Since this uncovers a carry back for topRule that must be applied to rules containing topRule in the RHS expansion, we rewrite any rules in which topRule appears on the RHS:


_start: SOF topRuleφ
| SOF[C1] topRuleεC1; 

Notice that by rewriting the extended starting rule to have a synthetic terminal first token that precedes any real tokens in the input stream, we guarantee that the starting token _start will never have a carry-back token of its own. Hence the start of the grammar applies any carry-back for the entire grammar onto the synthetic token. Notice too that at this point, no part of the grammar contains a guard condition applied to a non-terminal. Guard conditions are always applied to preceding terminal tokens.
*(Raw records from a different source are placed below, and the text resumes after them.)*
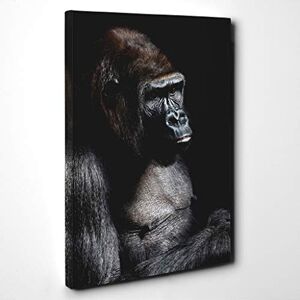 Big Box Art Canvas Print Wall Art Silverback Gorilla Mounted and Stretched Box Frame Picture Home Decor for Kitchen, Living, Dining Room, Bedroom, Hallway, Multi-Colour, 24x16 Inch Big Box Art Canvas Print Wall Art Silverback Gorilla Mounted and Stretched Box Frame Picture Home Decor for Kitchen, Living, Dining Room, Bedroom, Hallway, Multi-Colour, 24x16 Inch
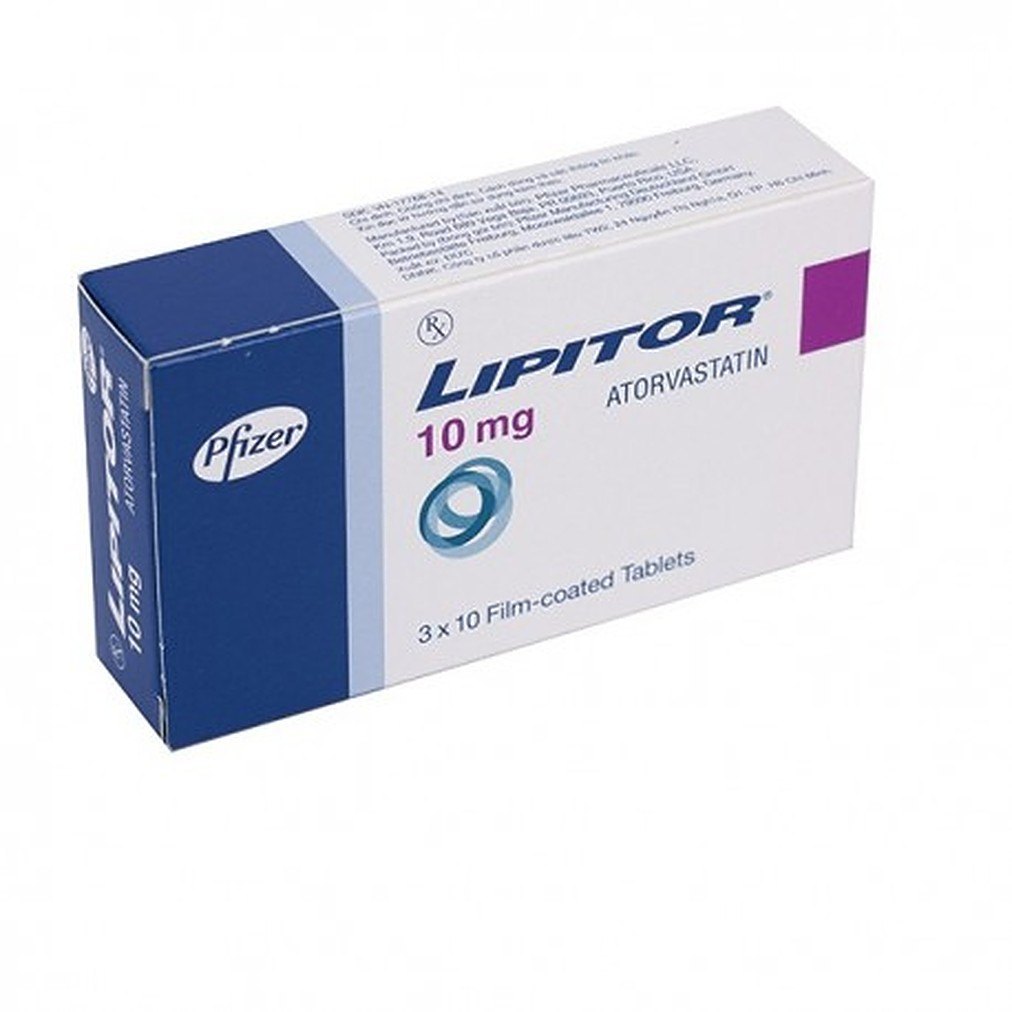 Lipitor 10 Mg 30 Tablets Pfizer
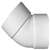 1-1/2 PVC DWV 45 Elbow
The fully reconstructed grammar is:


_start:
   SOF topRuleφ
|  SOF[C1] topRuleεC1;

topRuleφ:
   Z wφ {α0}
|  wφ {α1}
|  Z[C1] wεC1 {α0};

topRuleεC1:
   wεC1 {α1}; // Carries back [C1]

wφ: x y zφC1 V {α2}
|  x y zφC1 x {α3}
|  x yφC1 zεC1 V {α2}
|  xφC1 yεC1 zεC1 V {α2}
|  x yφC1 zεC1 x {α3}
|  xφC1 yεC1 zεC1 x {α3};

wεC1: xεC1 yεC1 zεC1 V {α2} // Carries back [C1]
|    xεC1 yεC1 zεC1 x {α3}; // Carries back [C1]

x: X Y {α9}
|  {α10};

xφC1: X Y[C1] {α9};

xεC1: {α10}; // Carries back [C1]

y: Y Y {α4}
|  {α5};

yφC1: Y Y[C1] {α4};

yεC1: {α5}; // Carries back [C1]

z: Z y {α6}
|  y W {α7}
|  {α8};

zφC1: Z yφC1 {α6}
|    Z[C1] yεC1 {α6}
|    y W[C1] {α7};

zεC1: {α8}; // Carries back [C1]

This can now be used to construct the first sets and item sets for the LR(1) parser in the usual way. A few points to note on the implementation of these rules are worth mentioning:

Both the in-line and the offline parser generators used in the ParseLR suite apply the transformations described above, if they encounter non-terminal tokens that have guard conditions attached to them. They also perform canonicalisation of boolean guard conditions to test them for equivalence against each other as part of the optimisation process. Hence, for example, the expressions [!X & !Y] and [!(X | Y)] would be treated as the same guard condition when encountered.